Right now there is a limit on the number of customers that are able to do that.

Senate Bill 374, would end the cap when it is reached, but some solar companies say changes need to be made before it passes. Current law lets solar customers essentially zero-out their electricity bills by selling their excess energy to NV Energy.

When net metering was established, so was a cap on the number of customers eligible of three percent. Lawmakers say that solar businesses relied on this to get the industry off the ground. 

Senator Patricia Farley said, "It helps to convert people interested in the solar industry into customers and at the same time I think the other side is the rate payers for this. At some point the business has to stand on it's own.”

If the law passed, it would give state regulators the power to decide on a tariff to charge solar customers once the three percent cap is reached. Right now, experts say less than one percent of Nevadans have invested in solar, but that number is increasing everyday. 

"We had to do it to get the industry started and now it was never meant be ongoing forever. It was mean to get it going. And now we have. Now they're doing very well and they have to change their business model,” said Farley. 

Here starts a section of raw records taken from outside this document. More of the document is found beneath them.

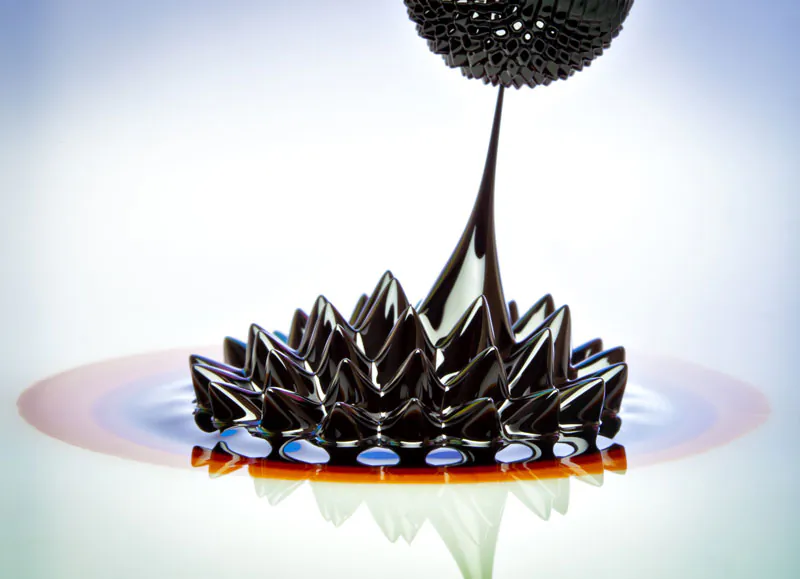 Macro photograph of Ferrofluid flowing from one magnet to another. Ferrofluid is a colloidal liquid of nanoscale particles in a carrier fluid that becomes magnetized by approaching a magnet. Liquids behave oddly at the nanoscale. Water, for example, seems to flow much faster within carbon nanotubes than classical physics says should be possible. (Shutterstock*)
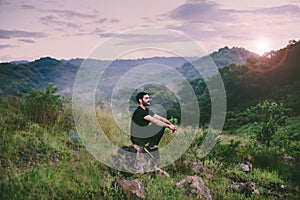 Traveller man with backpack sitting on rock at outdoor,Meditations to calm your mind and body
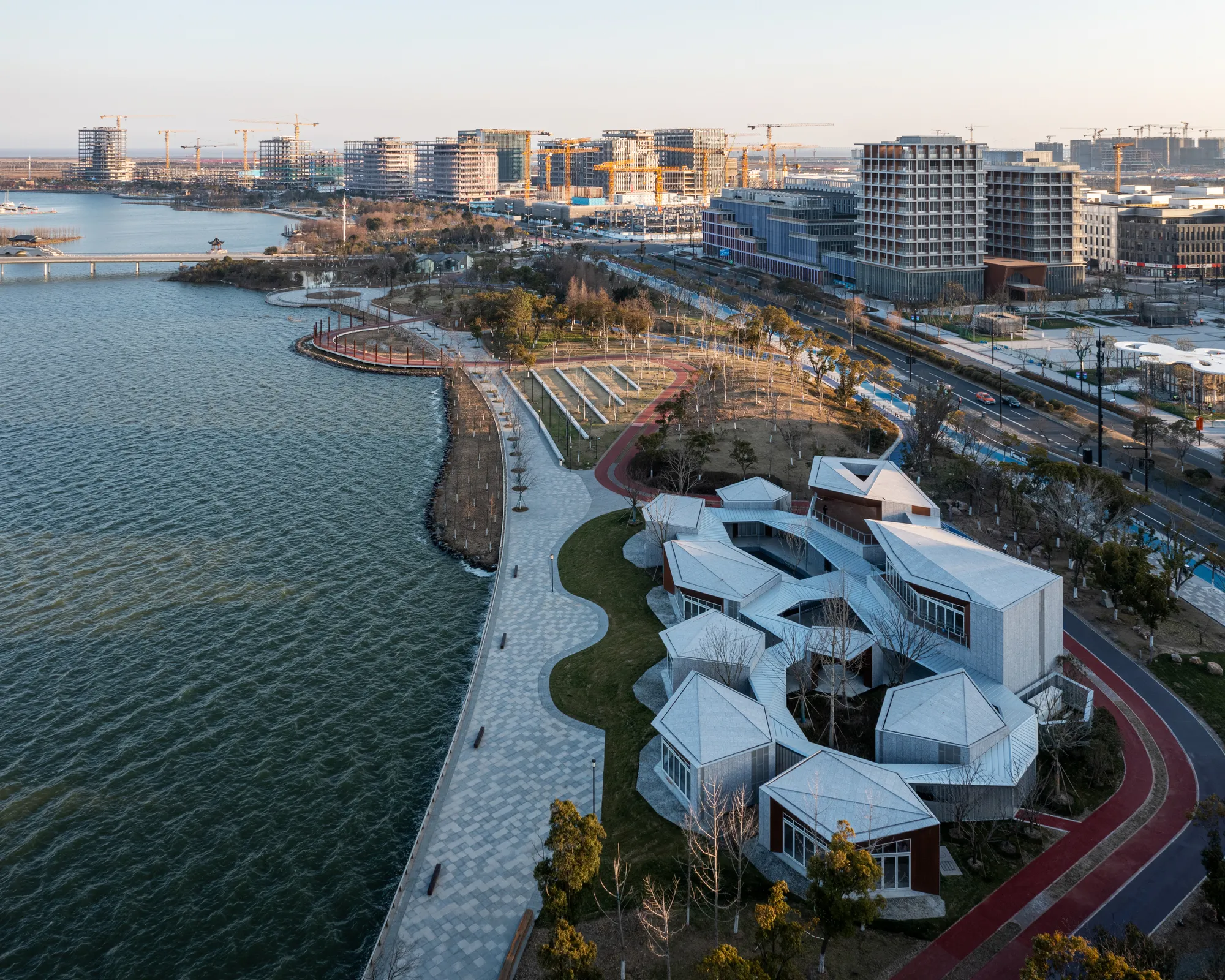 Atelier Z+ Scatters Poetry-Inspired Pavilions Along a Shanghai Lakefront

But those opposed to this bill, like Sunrun said it could negatively impact the solar industry. 

"It would lead to huge uncertainty that would lead to layoffs of thousands of workers who found good paying work in the solar industry," said Bryan Miller with Sunrun.

And he says if new rules for a tariff on customers were to be in place...it wouldn't be until the fall.

"Well the cap is going to be hit sometime this summer. So we're asking for something very simple, just status quo. Continue status quo until the new rules come into effect,” said Miller. 

We tried reaching out to NV Energy, but they did not want to comment on this legislation at this time.  

Now the amendments of the bill will be reviewed and both sides hope to come to an agreement in the next two weeks of the session.